The five young artists will be assessed by an international jury, which includes Emma Lewis (Tate Modern), Kathy Ryan (The New York Times Magazine), Mels Crouwel (Benthem Crouwel Architects), an Sanne ten Brink (ING Collection). The winner will be granted with a project fund of € 10,000. There is also a public prize by online voting.
Meet the finalists:
Ulla Deventer (b. 1984)
From Germany, Deventer questions the interdependencies of women on social norms. She explores the female body, ideas of beauty, taboos, and sexuality. For her recent works, she has been involved in international research on sex work, based in Brussels, Athens, Paris and Accra.
Kevin Osepa (b. 1994)
Osepa was born and raised on the island of Curaçao. Currently, he is based in the Netherlands. In his works, he explores themes such as family, rituals, and pre and post-colonialism from an Afro-Caribbean perspective. Often departing from a personal point but always looking for the collective identity.

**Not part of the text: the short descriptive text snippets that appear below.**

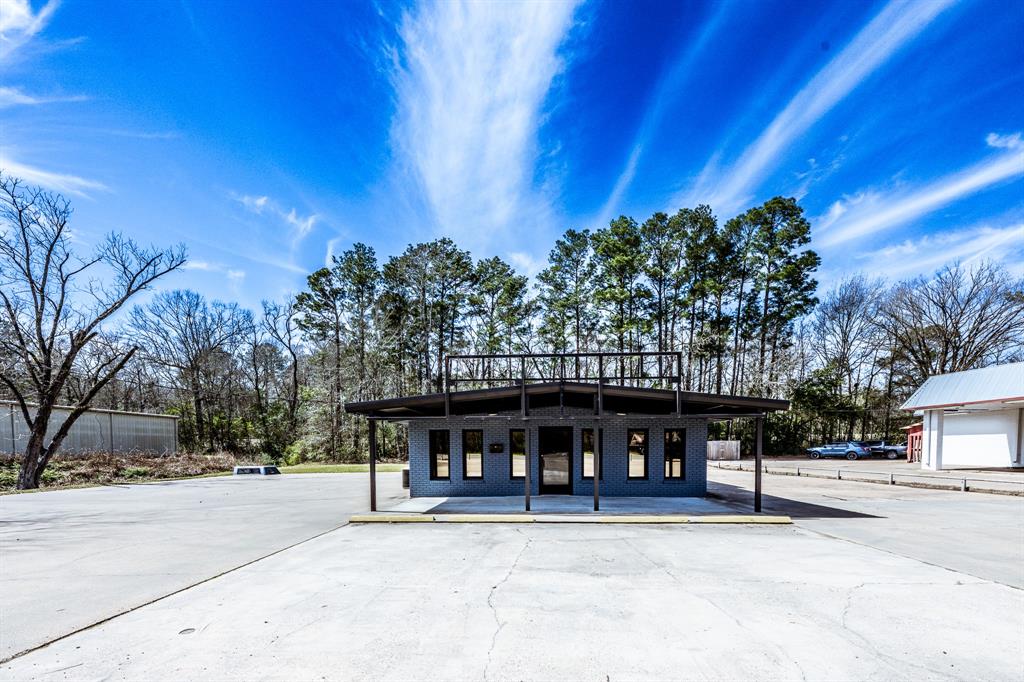 407 S Home Street, Corrigan, Texas image 1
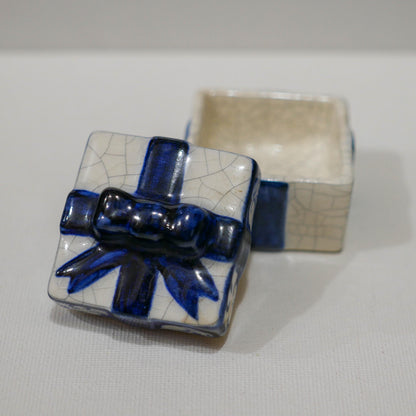 Dedham Pottery Miniature Rabbit Square Trinket Jewelry Box with Blue Ribbon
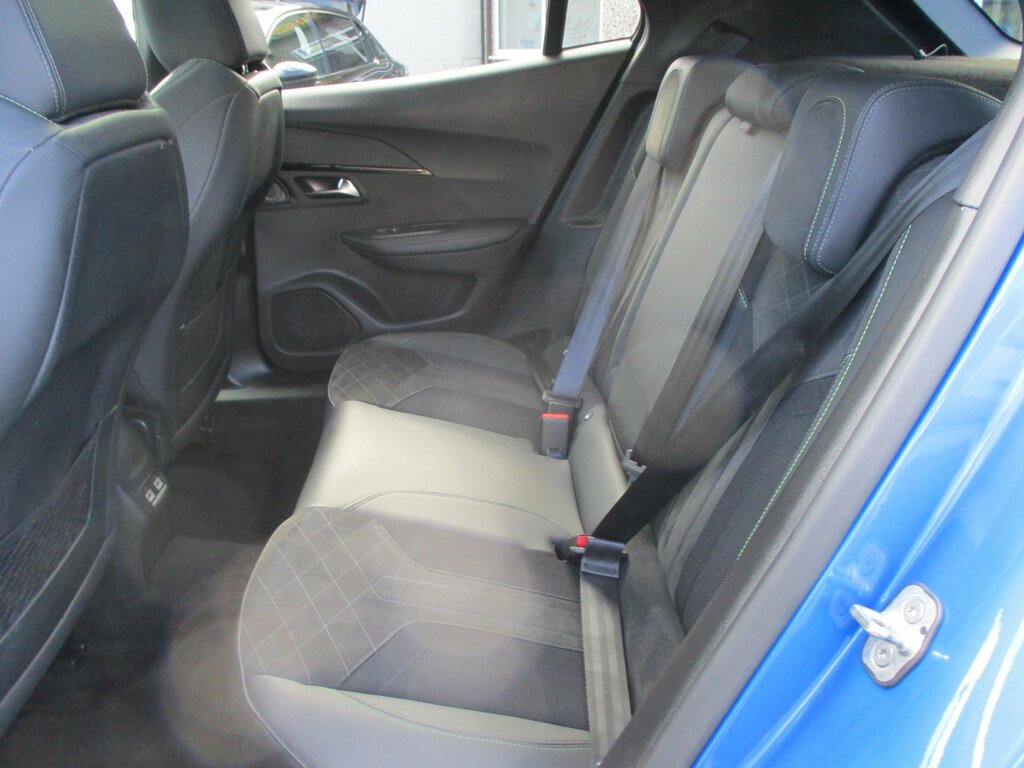 Peugeot 2008 1.2 Puretech Gt Premium Suv Eat Euro 6 Blue #6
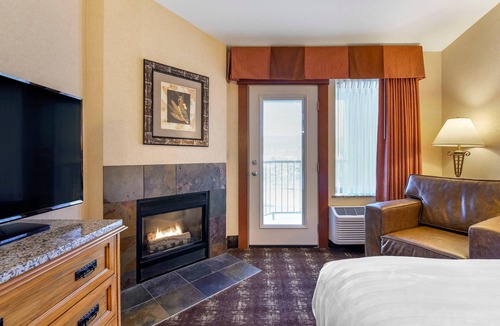 Seaside Hotel | Kathryn Riverfront Inn, an Ascend Collection Hotel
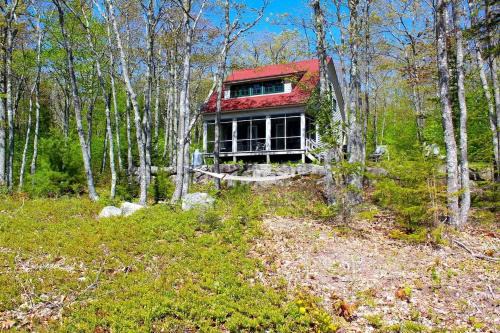 Romantic Cabin for a Weekend Getaway in Maine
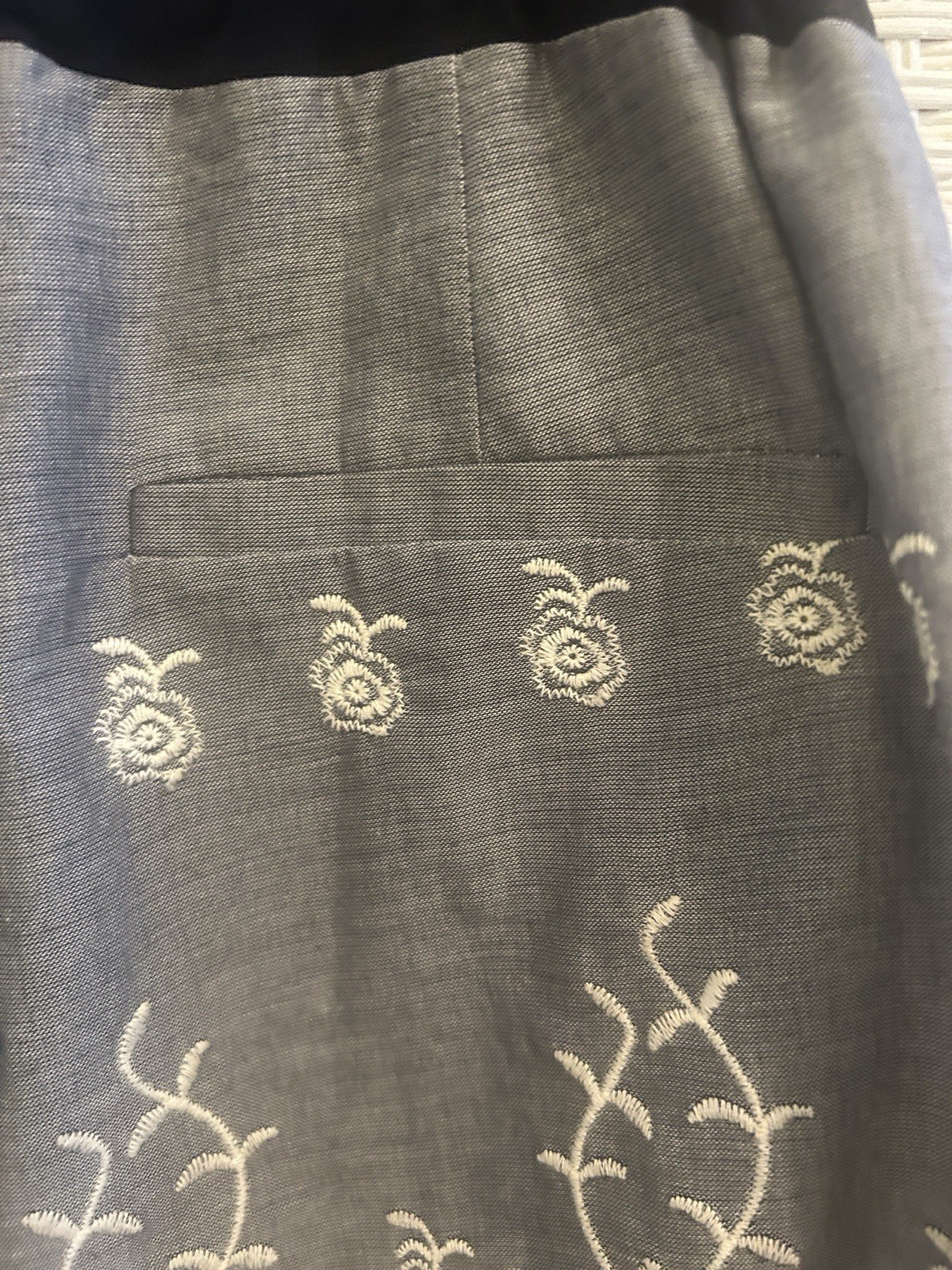 Rachel Roy Floral Embroidered Button Front Romper Pockets Black/Gray 6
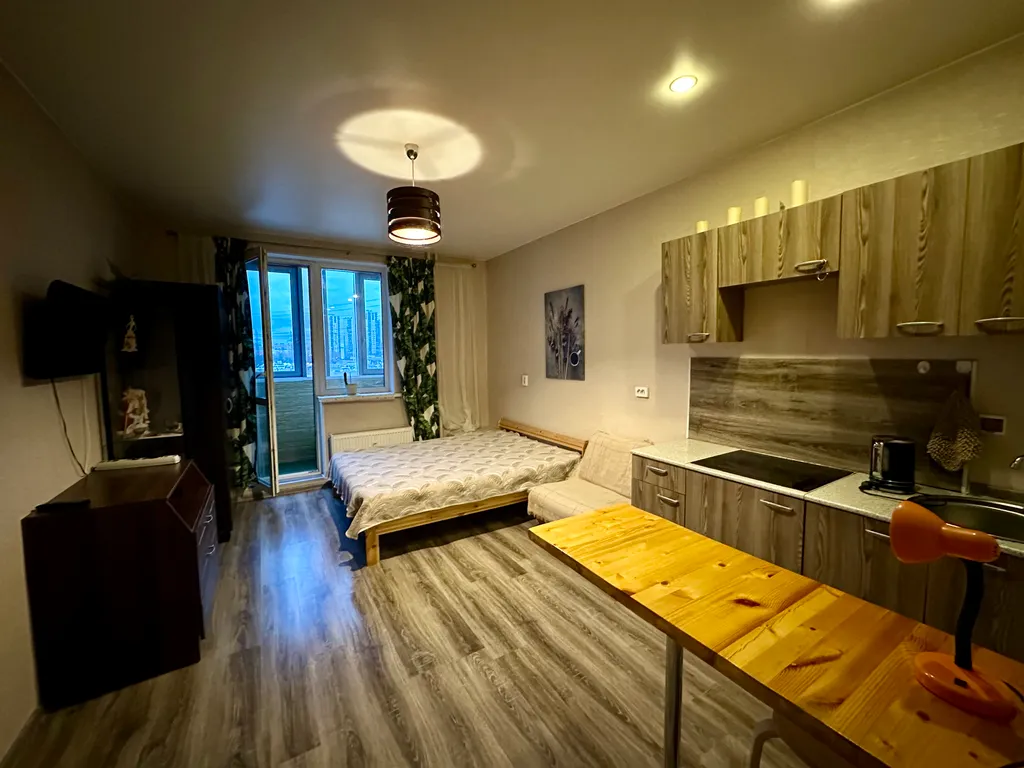 Уютная квартира у метро Девяткино видно из окна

Elena Aya Bundurakis (b. 1988)
Bundurakis was born in Greece. In her research, she is constantly inspired by the anatomies of nature, either using animals, plants or her own body. One of her recent works, 'Eating Magma' explores how it feels to be a living organism.
Karolina Wojtas (b. 1996)
Wojtas is an artist based in Lodź, Poland. She takes a colourful, chaotic approach to subjects like childhood, education and love. In her works, images of empty classrooms are interspersed with ones of student activities, learning tools and visualizations of discipline and uniformity that as children we were likely not aware of.
Irene Fenara (b. 1990)
The Italian artist focuses on the ways of seeing and practicing observation on images. She reflects on linguistic devices and makes use of optical and electronic instruments to her work, from Polaroid to surveillance cameras, often in an improper manner and transgressing their basic function.